Re: Invalid "trailing junk" error message when non-English letters are used

From: Tom Lane <tgl(at)sss(dot)pgh(dot)pa(dot)us>
To: Karina Litskevich <litskevichkarina(at)gmail(dot)com>
Cc: Pavel Borisov <pashkin(dot)elfe(at)gmail(dot)com>, Postgres hackers <pgsql-hackers(at)lists(dot)postgresql(dot)org>
Subject: Re: Invalid "trailing junk" error message when non-English letters are used
Date: 2024-09-04 22:52:21
Message-ID: 1709057.1725490341@sss.pgh.pa.us
Views: Raw Message | Whole Thread | Download mbox | Resend email
Thread:
Lists: pgsql-hackers

Karina Litskevich <litskevichkarina(at)gmail(dot)com> writes:
> I see the two solutions here: either move the rule for decinteger_junk
> below the rules for hexinteger_junk, octinteger_junk and bininteger_junk,
> or just use a single rule decinteger_junk for all these cases, since the
> error message is the same anyway. I implemented the latter in the second
> version of the patch, also renamed this common rule to integer_junk.

That seems reasonable, but IMO this code was unacceptably
undercommented before and what you've done has made it worse.
We really need a comment block associated with the flex macros,
perhaps along the lines of

/*
* An identifier immediately following a numeric literal is disallowed
* because in some cases it's ambiguous what is meant: for example,
* 0x1234 could be either a hexinteger or a decinteger "0" and an
* identifier "x1234". We can detect such problems by seeing if
* integer_junk matches a longer substring than any of the XXXinteger
* patterns. (One "junk" pattern is sufficient because this will match
* all the same strings we'd match with {hexinteger}{identifier} etc.)
* Note that the rule for integer_junk must appear after the ones for
* XXXinteger to make this work correctly.
*/

(Hmm, actually, is that last sentence true?
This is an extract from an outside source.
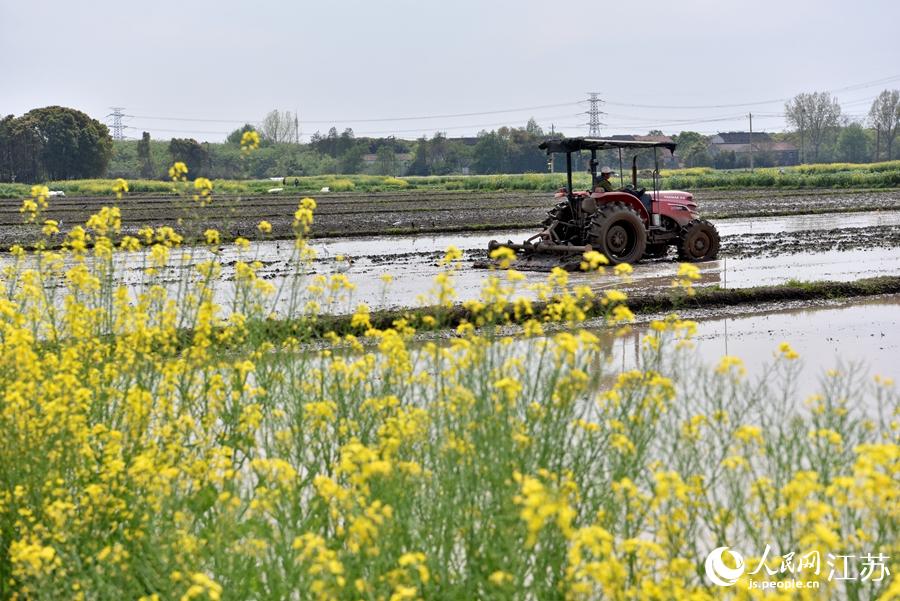 第一批早稻開(kāi)始插播。崔煒攝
My flex is a bit rusty.)

param_junk really needs a similar comment, or maybe we could put
all the XXX_junk macros together and use one comment for all.

> Additionally, I noticed that this patch is going to change error messages
> in some cases, though I don't think it's a big deal. Example:
> Without patch:
> postgres=# select 0xyz;
> ERROR: invalid hexadecimal integer at or near "0x"
> With patch:
> postgres=# select 0xyz;
> ERROR: trailing junk after numeric literal at or near "0xyz"

That's sort of annoying, but I don't really see a better way,
or at least not one that's worth the effort.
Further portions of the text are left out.